Our research experts
Dr. Thomas Strohm
"What is never acceptable – and what we must refrain from doing – is an attempt to justify the research by promising credibility-stretching mythical improvements in existing applications. Most such claims are not likely to be realized and are easily refuted; they only trigger criticism of just how unrealistic the promises are, thereby discrediting the whole work." – H. Kroemer, Nobel Prize speech (2000)
I am a senior research scientist at Bosch Research in Renningen for Quantum Technologies and coordinating Quantum Technologies at Bosch. My focus areas are Quantum Computing and Quantum Random Number Generators and I'm very much interested in the foundations of quantum physics and in modeling quantum systems. Quantum Technologies is a research activity which is still in an early phase and, therefore, cooperation with the academic community and public funding initiatives is important. For this reason, I am very active in the European Quantum Flagship, as a member of its Coordination Office and as a representative of German industry in its European Quantum Community Network.
Robert Bosch GmbH
1999Start at Bosch Research
Max Planck Institute for Solid State Research
1999PhD in physics
University of Karlsruhe
1994Degree in physics
T Strohm (2019)Talk on Quantum sensors and panel discussion at Nobel Laureate Meeting in Lindau
- June 2019
T Strohm, R Rölver (2018)Quantencomputing und andere Quantentechnologien
- Digitale Welt 2 (4), 71-76
T Strohm (2017)Panel discussion on "Getting Quantum Computing to large Enterprise Users" at "Quantum Leap: Final Agenda"
- Munich, June 22, 2017
M Förtsch et al. (2017)Promotion of Quantum Technologies – Position paper of the German Industry
- BMBF, VDI TZ, Jan 2017
A de Touzalin et al. (2016)Quantum Manifesto – A New Era of Technology
- European Commission, May 2016
C Huth et al. (2016)Information reconciliation schemes in physical-layer security: A survey
- Computer Networks 109, 84-104
Interview with Dr. Thomas Strohm
Senior Research Scientist for Quantum Technologies
Please tell us what fascinates you most about research.
What fascinates me about research? Solving difficult challenges, learning about our world, and understanding it.
What makes research done at Bosch so special?
I like that at Bosch Research, it is also possible to research topics which still need some years to become part of a product or a service. The diversity of competences displayed by Bosch researchers is fascinating. If you face a challenge, you are likely to find someone at Bosch Research who may help you.
What research topics are you currently working on at Bosch?

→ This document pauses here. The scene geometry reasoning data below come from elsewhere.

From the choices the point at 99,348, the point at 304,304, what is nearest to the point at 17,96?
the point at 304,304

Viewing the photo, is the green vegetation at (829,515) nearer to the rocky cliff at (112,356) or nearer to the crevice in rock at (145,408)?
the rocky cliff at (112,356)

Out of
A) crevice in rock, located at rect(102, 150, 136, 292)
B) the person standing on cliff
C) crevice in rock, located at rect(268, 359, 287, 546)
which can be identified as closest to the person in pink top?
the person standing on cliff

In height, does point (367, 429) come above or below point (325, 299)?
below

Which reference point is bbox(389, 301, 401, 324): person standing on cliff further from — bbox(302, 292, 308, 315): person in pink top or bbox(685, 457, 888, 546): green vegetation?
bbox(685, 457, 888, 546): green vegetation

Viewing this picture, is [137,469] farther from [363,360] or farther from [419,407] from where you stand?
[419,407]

My research focus is on two topics. The first is quantum computers. We are investigating use cases that are relevant for Bosch and where the use of a quantum computer would be beneficial, basically meaning that it would be (much) faster. The second is quantum random number generators. Here, we are a partner to a European project (QRANGE), where three types of quantum random number generators are developed. My tasks are requirements and architecture development, making proposals for certification, and modeling the devices.

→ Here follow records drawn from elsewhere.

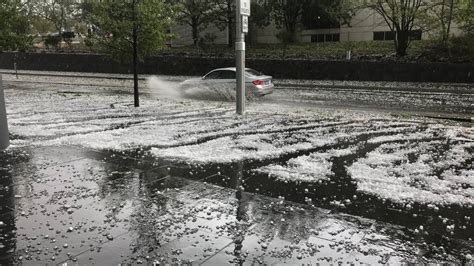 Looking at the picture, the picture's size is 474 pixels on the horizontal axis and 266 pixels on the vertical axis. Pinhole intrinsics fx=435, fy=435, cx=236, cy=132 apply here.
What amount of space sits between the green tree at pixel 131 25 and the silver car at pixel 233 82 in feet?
15.1

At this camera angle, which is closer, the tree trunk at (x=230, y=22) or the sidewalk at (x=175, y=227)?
the sidewalk at (x=175, y=227)

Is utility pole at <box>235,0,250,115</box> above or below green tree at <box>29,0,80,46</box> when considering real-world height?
below

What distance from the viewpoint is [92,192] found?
582 cm

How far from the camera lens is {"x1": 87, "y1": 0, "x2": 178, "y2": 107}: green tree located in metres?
14.1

What are the biggest scientific challenges in your field of research?
In quantum computing, there are several major scientific challenges. Quantum computers are notoriously hard to build. Many academic groups have been working in this field for years and different technology platforms have been tried out. Advances have been made but it is still not obvious that in one or two decades we will have a decent quantum computer. Once we have a quantum computer, what will we do with it? This is the other challenge. Apart from materials development, which most experts consider possible already with first and non-perfect quantum computers, applications are still scarce and for many mathematical tasks, a quantum computer does not perform much better than a conventional computer.

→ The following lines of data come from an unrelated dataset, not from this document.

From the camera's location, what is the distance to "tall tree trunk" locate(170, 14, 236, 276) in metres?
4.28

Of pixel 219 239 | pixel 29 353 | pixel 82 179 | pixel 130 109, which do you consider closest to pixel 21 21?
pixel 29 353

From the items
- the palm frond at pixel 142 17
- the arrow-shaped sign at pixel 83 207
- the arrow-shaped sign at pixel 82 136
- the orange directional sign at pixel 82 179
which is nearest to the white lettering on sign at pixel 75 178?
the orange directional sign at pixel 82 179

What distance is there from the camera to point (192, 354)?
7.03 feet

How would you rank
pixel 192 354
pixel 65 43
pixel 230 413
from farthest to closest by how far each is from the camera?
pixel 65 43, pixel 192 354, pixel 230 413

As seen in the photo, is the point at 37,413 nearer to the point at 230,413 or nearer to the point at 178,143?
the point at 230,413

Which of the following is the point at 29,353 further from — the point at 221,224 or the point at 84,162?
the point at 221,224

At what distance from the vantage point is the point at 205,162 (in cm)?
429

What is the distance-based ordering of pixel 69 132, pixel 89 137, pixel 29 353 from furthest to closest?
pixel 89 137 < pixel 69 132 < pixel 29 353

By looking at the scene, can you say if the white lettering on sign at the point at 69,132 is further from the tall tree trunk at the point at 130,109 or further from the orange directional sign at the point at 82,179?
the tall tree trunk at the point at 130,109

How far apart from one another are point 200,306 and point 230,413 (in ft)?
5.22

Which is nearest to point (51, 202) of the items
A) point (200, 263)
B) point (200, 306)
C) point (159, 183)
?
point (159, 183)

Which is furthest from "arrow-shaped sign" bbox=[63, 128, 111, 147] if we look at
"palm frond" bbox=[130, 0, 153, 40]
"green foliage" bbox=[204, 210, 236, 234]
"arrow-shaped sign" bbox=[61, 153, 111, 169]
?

For quantum random number generators, it is quite a challenge to miniaturize them and push costs considerably down without jeopardizing the quality of the random numbers. Developing a good quantum-physical model for a particular type of quantum random number generator may also be difficult.
How do the results of your research become part of solutions "Invented for life"?
"Invented for life" means that a technology helps you with your day-to-day problems. A quantum computer via better materials may lead to improved products. It can also be the basis for new services, e.g. better traffic management. And a quantum random number generator may be a contribution to a higher security level in our increasingly connected world.